Unfortunately, it suffered from never having been offered as a coupe, which would have increased structural rigidity while also getting rid of a seriously nagging problem that so many owners experience: a soft-top that leaks during even the softest rainstorms.
7 Mitsubishi 3000GT VR-4
The Mitsubishi 3000GT sounds like a potent sports car given that it offers a twin-turbocharged V6 engine capable of sending up to a max of 394 horsepower and 414 lb-ft of torque to all four wheels. Throw in advanced features for its time like four-wheel steering, adaptive suspension, and active aerodynamics, and things sound even better.
And yet, all that advanced complexity has rendered the 3000GT, especially in VR-4 trim, a potential dream-car that is, in reality, an ownership nightmare.
6 Autozam AZ-1
Possibly one of the tiniest sports cars in the world, the kei-class Autozam AZ-1 is just starting to make its way to the United States thanks to the 25-year importation rule. And from first glance, the combination of gull-wing doors, a mid-mounted engine, and angular styling make it seem like a classic recipe for success.
However, the Autozam's cheap build quality is renowned for making the whole car seem like more of a toy than anything able to actually shred through canyon curves.
5 Toyota MR2
The first two generations of Toyota MR2 are still highly sought-after cars if they can be found in good condition. With a mid-engined layout, reliable drivetrains that include optional turbocharged engines, and classic designs (at least for their times), the MR2 has a serious cult following and has earned the nickname "the poor man's NSX."
But for would-be buyers, make sure to find one without T-tops, as the seals that keep weather out are known to be failure-prone, leading to water damage during any kind of inclement conditions.
4 Acura TL
The Acura market presence has definitely had its fair share of ups and downs over the decades.
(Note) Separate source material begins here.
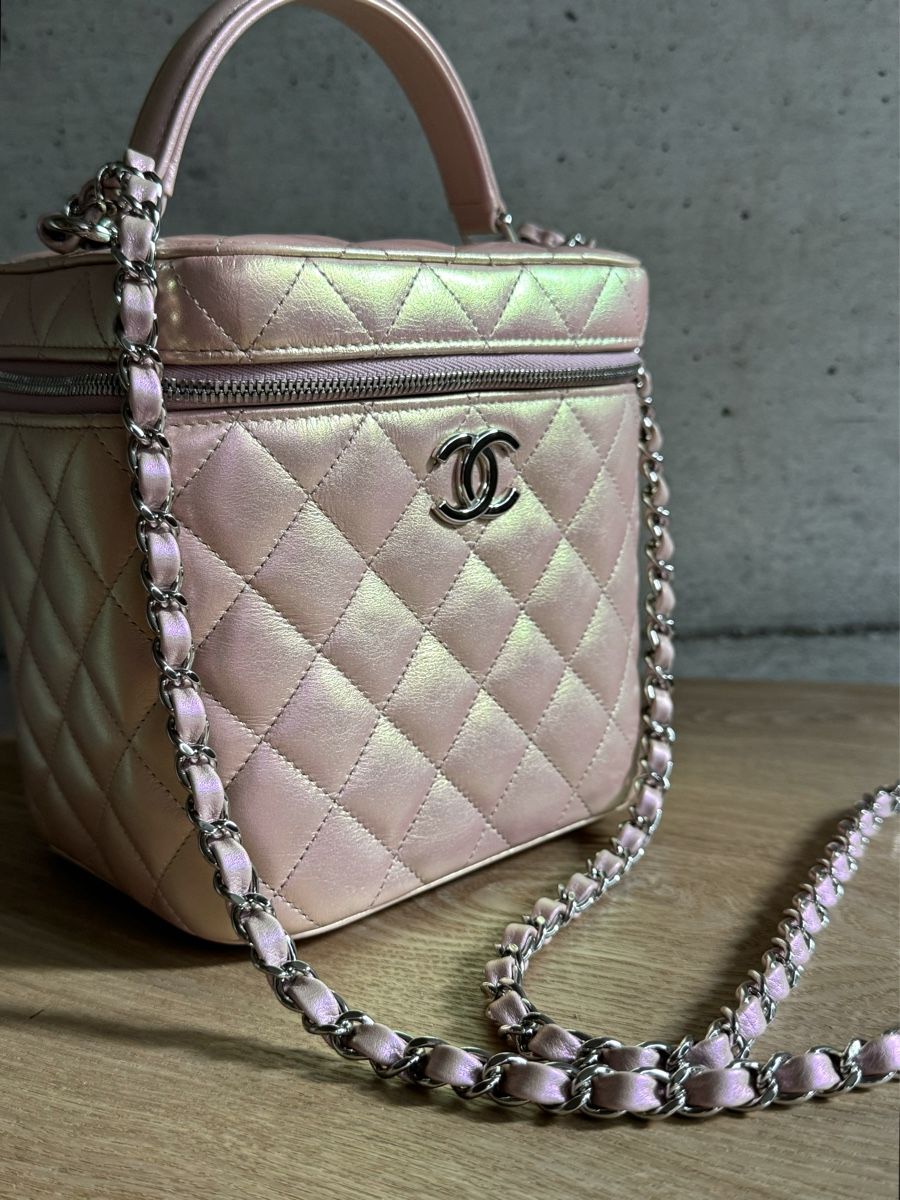 Chanel Taschen für Damen: CHANEL Iridescent Quilted Top Handle Vanity Sac Tasche – Neu (gemäss Beschreibung) aus Kriens von hannaandkiko 9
After sterling successes like the Integra, Legend, and NSX came the lows of the 2000s, lows that were epitomized by the subpar TL sedan.
Sure, it had been around since 1996, but the model seemed to get more and more disappointing with each generation.
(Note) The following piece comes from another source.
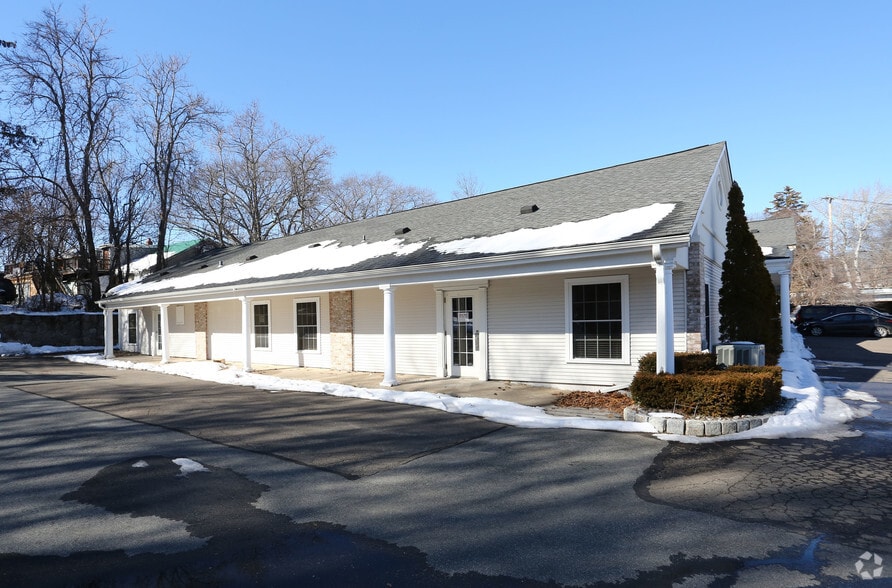 Primary Photo Of 168 Boston Post Rd, Madison Medical For Sale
Culminating in the beak-front fourth-gen that Acura tried to market as a sports sedan despite lackluster performance stemming in large part from its nearly-4,000 pound curb weight and underwhelming, 305-horsepower V6 engine.
3 Toyota Celica GT-S
The automotive industry can be a difficult marketplace to maneuver, and even resoundingly successful brands have their fair share of duds hidden in their pasts. One of Toyota's most disappointing releases was the Celica sports car that they redesigned for model year 1999.
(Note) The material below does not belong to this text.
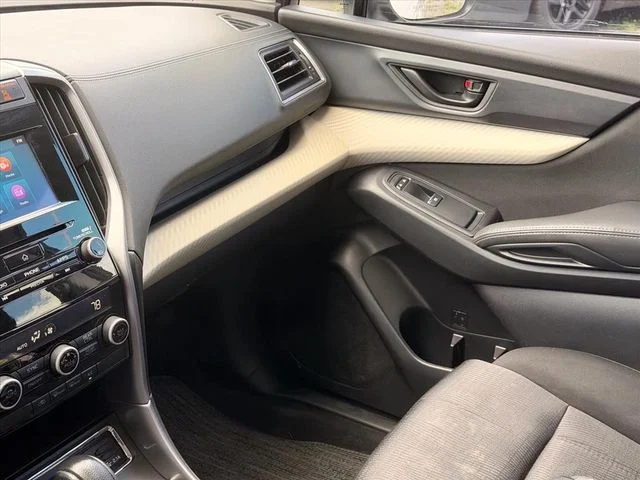 Used 2020 White Subaru Base image 13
After just about three full decades of successful, fun, economical Celicas (including the successful Celica GT-Four rally car), the model's final iteration proved far too edgy for consumers, and its weak engine maxed out at only 194 horsepower when optioned with sport exhaust.
2 Honda Civic Type R
The Honda Civic is one of the world's best-selling lines of economy cars, having always paired simple style and reliability in an affordable package. And yet, the latest generation of Honda Civic has completely upended the recipe that's allowed the model to last this long, and especially in Type R trim, the Civic now comes bedecked in a borderline hilarious amount of cladding, spoilers, and diffusers.
The result is a car that is obviously trying too hard to look cool, something that could never have been said about Civics of old.
1 Lexus LC
Despite the fact that Lexus had hoped the LFA would be their only high-end sports car for 25 years after it debuted in 2010, by 2017, the brand was already building the LC for model year 2018. With styling clearly hearkening back to the LFA, the LC at least ups its power figures (to 467 horses) while dropping the price tag significantly (to around $100,000).
Sadly, however, Lexus didn't learn from their past mistakes, and still didn't offer the LC with a good old clutch pedal and stick shift.